WHAT YOU NEED TO DO =>
Your job with the data below: print everything from the line that holds "700mls ShakeSphere Tumbler" down to the line that holds "RRP £21.45 Russell", ends included, exactly, and nothing else.

RECORDS PROVIDED =>
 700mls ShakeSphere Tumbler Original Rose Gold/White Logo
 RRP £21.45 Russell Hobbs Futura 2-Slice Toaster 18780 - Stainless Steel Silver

==

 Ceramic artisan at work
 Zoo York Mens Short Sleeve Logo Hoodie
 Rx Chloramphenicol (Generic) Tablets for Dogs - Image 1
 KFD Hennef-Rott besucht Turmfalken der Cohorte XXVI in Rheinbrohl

RESPONSE =>
 700mls ShakeSphere Tumbler Original Rose Gold/White Logo
 RRP £21.45 Russell Hobbs Futura 2-Slice Toaster 18780 - Stainless Steel Silver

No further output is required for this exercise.